• _TASK DETAILS_: Take the records below and copy them exactly.

• _INPUT RECORDS_:
• • •

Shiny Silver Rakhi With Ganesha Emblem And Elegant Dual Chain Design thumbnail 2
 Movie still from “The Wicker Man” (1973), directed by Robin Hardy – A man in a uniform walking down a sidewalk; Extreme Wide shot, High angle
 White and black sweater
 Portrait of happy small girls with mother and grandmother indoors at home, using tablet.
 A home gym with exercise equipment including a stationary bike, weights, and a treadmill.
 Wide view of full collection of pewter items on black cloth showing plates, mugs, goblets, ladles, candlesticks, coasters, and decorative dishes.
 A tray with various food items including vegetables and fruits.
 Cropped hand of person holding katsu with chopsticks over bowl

• • •

• _RESPONSE_:
Shiny Silver Rakhi With Ganesha Emblem And Elegant Dual Chain Design thumbnail 2
 Movie still from “The Wicker Man” (1973), directed by Robin Hardy – A man in a uniform walking down a sidewalk; Extreme Wide shot, High angle
 White and black sweater
 Portrait of happy small girls with mother and grandmother indoors at home, using tablet.
 A home gym with exercise equipment including a stationary bike, weights, and a treadmill.
 Wide view of full collection of pewter items on black cloth showing plates, mugs, goblets, ladles, candlesticks, coasters, and decorative dishes.
 A tray with various food items including vegetables and fruits.
 Cropped hand of person holding katsu with chopsticks over bowl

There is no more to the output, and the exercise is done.